Changed return format from 4-line summary to 5-line structured confirmation:
```
FILE_WRITTEN: {path}
Perspectives: P01 [label], P02 [label]
Tensions: T01 [label] or none
Moves: [CONCESSION|REFINEMENT|RESOLVED] or none
Claim: [single sentence]
```

The `FILE_WRITTEN:` line serves as proof the agent wrote to the file.
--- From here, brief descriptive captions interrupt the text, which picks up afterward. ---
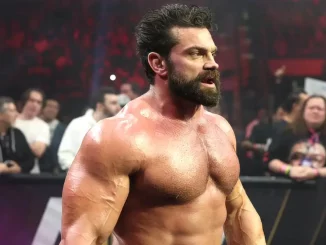 Brian Cage läuft zum Ring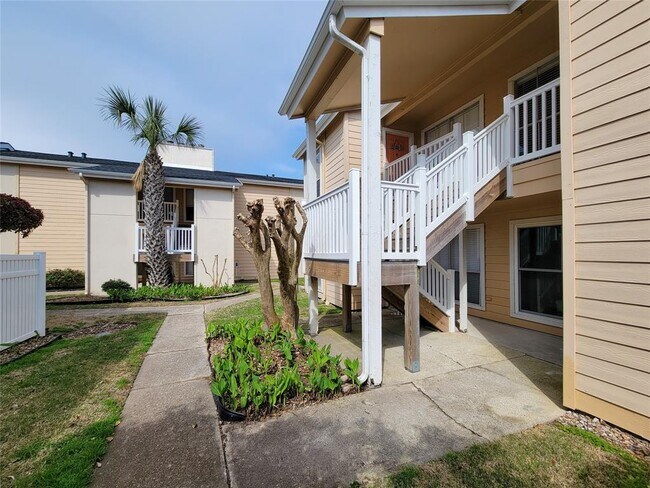 Building Photo - 3506 Cove View Blvd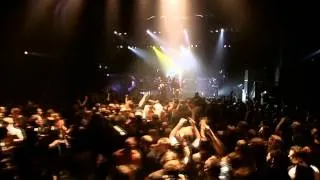 Arch Enemy - 5.Dead Bury Their Dead Live in London 2004 (Live Apocalypse DVD)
**3. Judge Verification** — `dialogue.rs` Judge protocol

Updated COLLECT step to verify FILE_WRITTEN line:
- If present: Agent wrote file, no action needed
- If missing: Fallback - check if file exists, write from return content if needed

### Expected Behavior After Fix

```
Expert A runs → writes muffin.md → returns "FILE_WRITTEN: .../muffin.md\n..."
Expert B runs → writes cupcake.md → returns "FILE_WRITTEN: .../cupcake.md\n..."  (parallel)
Expert C runs → writes scone.md → returns "FILE_WRITTEN: .../scone.md\n..."     (parallel)
         ↓
All finish (files already written)
         ↓
Judge verifies FILE_WRITTEN in returns
Judge writes ONLY: scoreboard.md, tensions.md, round-N.summary.md
```

**Savings:** N fewer sequential Write operations by Judge (Opus), moved to parallel agent execution (Sonnet).